■ DESCRIPTION OF THE TASK:
Print exactly and only the lines that run from the one containing "eBike Tours on" through the end of the material, please, omitting pictures.

■ AVAILABLE DATA:

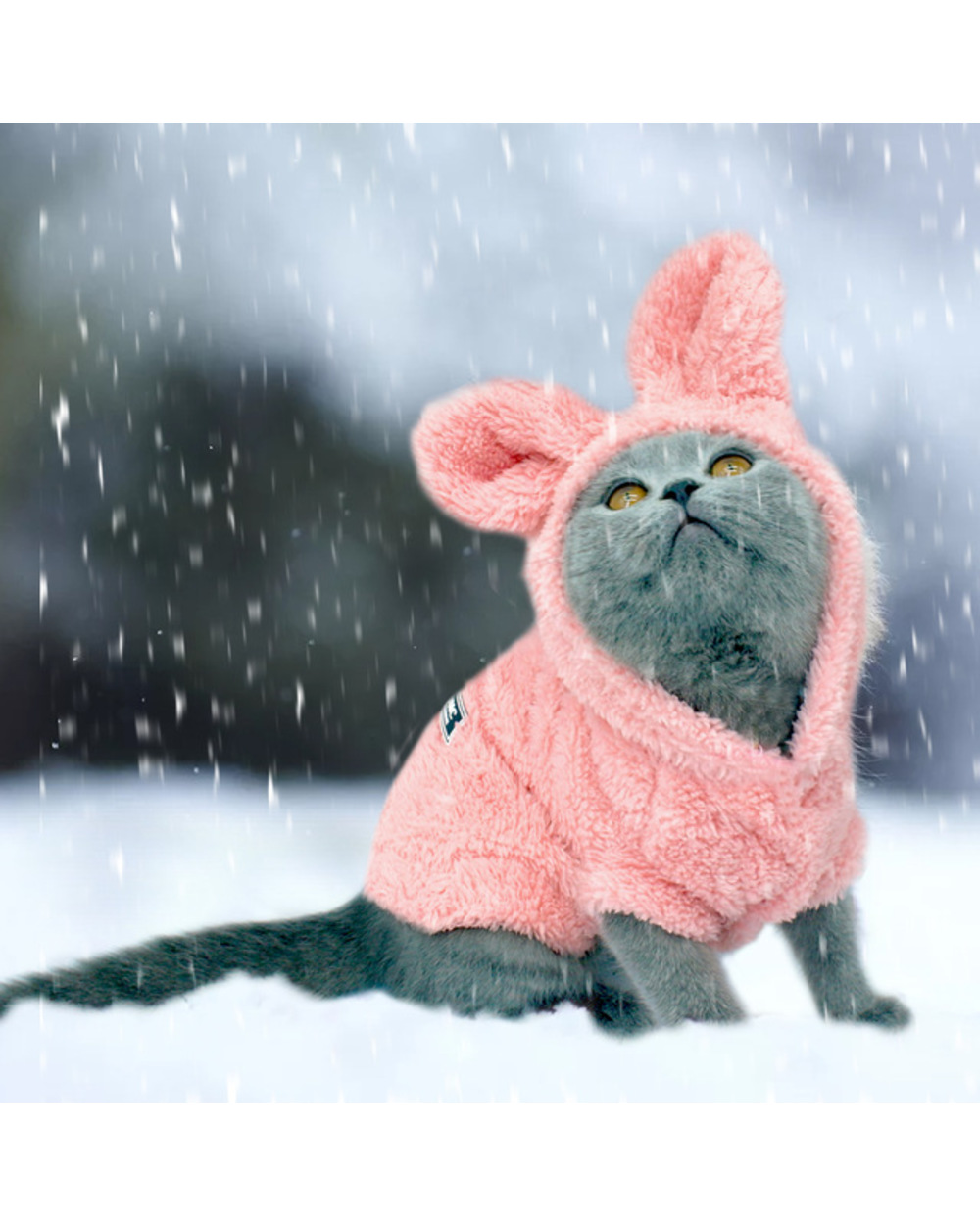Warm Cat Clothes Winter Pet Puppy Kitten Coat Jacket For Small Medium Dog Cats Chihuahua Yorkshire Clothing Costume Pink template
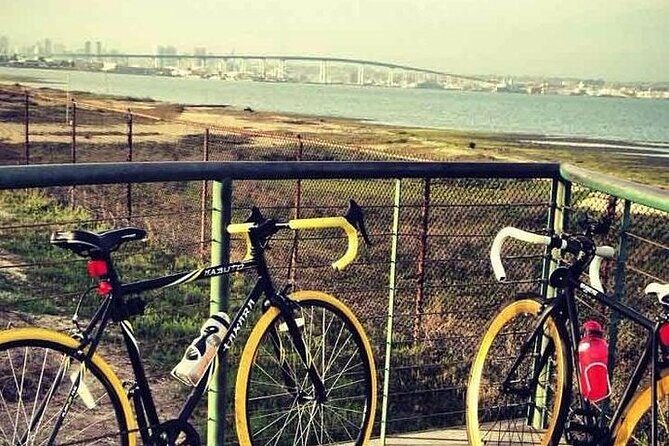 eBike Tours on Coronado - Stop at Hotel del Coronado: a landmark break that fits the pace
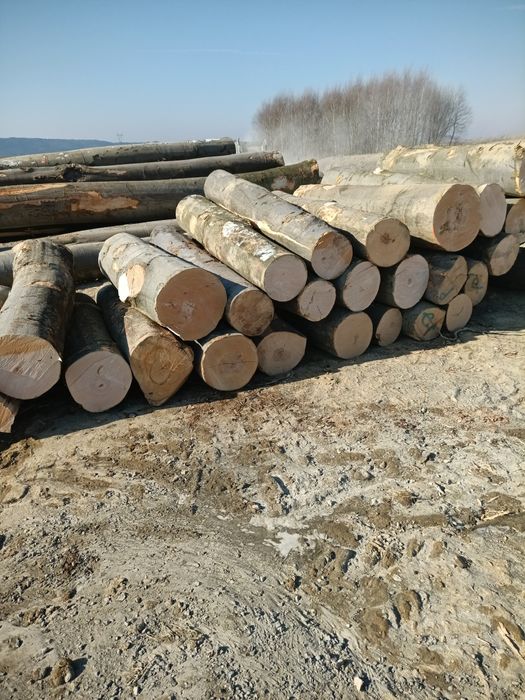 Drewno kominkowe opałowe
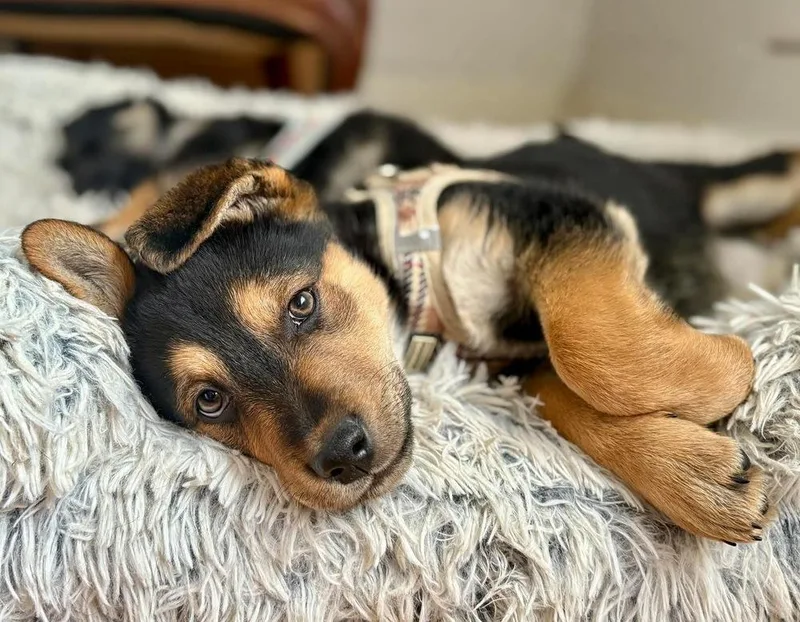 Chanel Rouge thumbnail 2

■ YOUR SOLUTION:
 eBike Tours on Coronado - Stop at Hotel del Coronado: a landmark break that fits the pace
 Drewno kominkowe opałowe
 Chanel Rouge thumbnail 2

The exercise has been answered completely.